Recorded data:
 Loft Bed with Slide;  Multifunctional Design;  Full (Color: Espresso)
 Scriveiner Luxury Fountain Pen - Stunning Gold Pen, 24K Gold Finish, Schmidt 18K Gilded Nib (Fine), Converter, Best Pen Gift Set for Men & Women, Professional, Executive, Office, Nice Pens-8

==

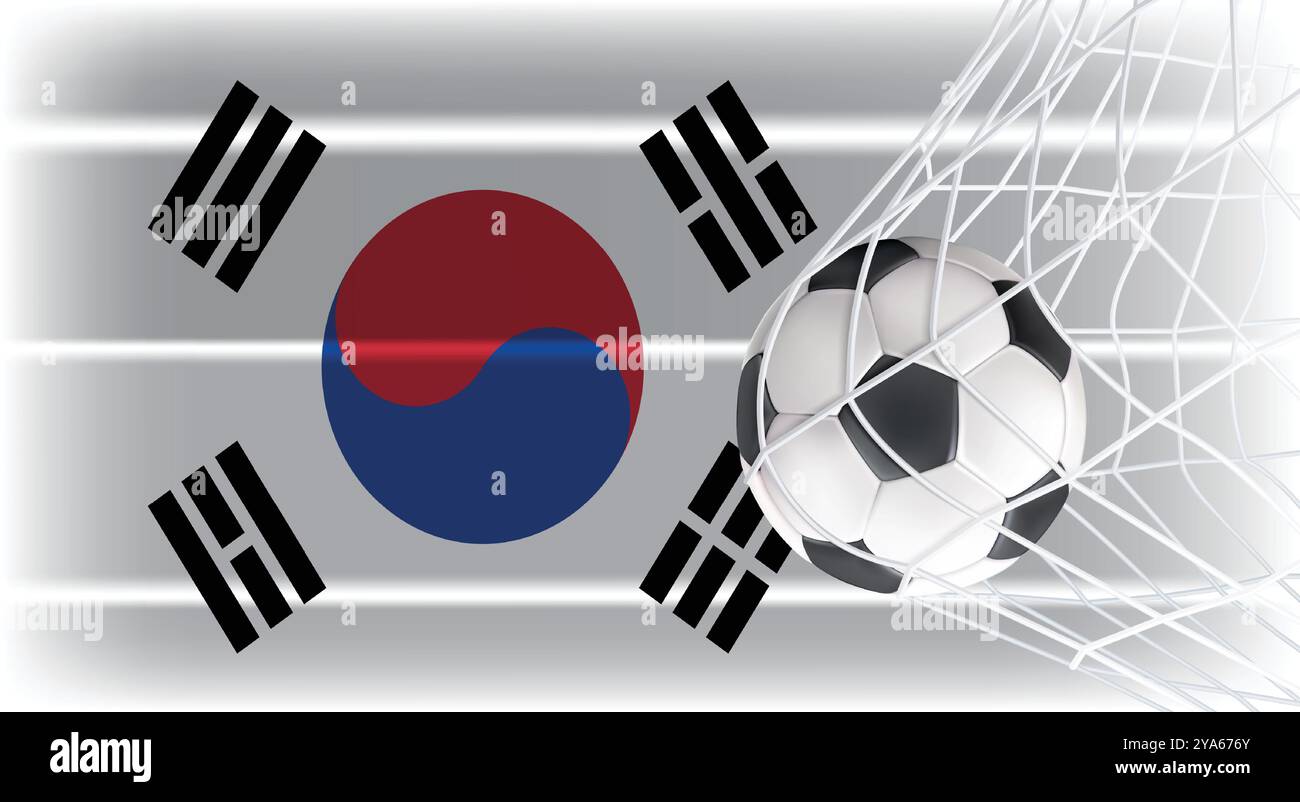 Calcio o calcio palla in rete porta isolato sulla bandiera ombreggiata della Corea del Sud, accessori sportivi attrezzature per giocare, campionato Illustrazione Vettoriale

* * *

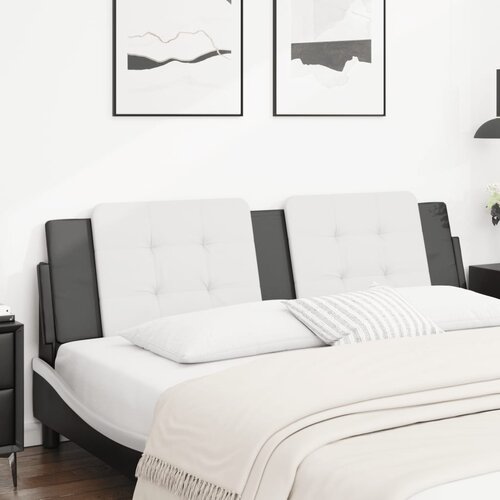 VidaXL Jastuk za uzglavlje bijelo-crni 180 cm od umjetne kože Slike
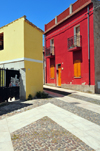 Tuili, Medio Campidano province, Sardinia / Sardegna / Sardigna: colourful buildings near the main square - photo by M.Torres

What the task requires:
The lines to extract from the data above begin with the line containing "Loft Bed with" and end with the line containing "Scriveiner Luxury Fountain". Extract them exactly, including both.

Answer for the task:
 Loft Bed with Slide;  Multifunctional Design;  Full (Color: Espresso)
 Scriveiner Luxury Fountain Pen - Stunning Gold Pen, 24K Gold Finish, Schmidt 18K Gilded Nib (Fine), Converter, Best Pen Gift Set for Men & Women, Professional, Executive, Office, Nice Pens-8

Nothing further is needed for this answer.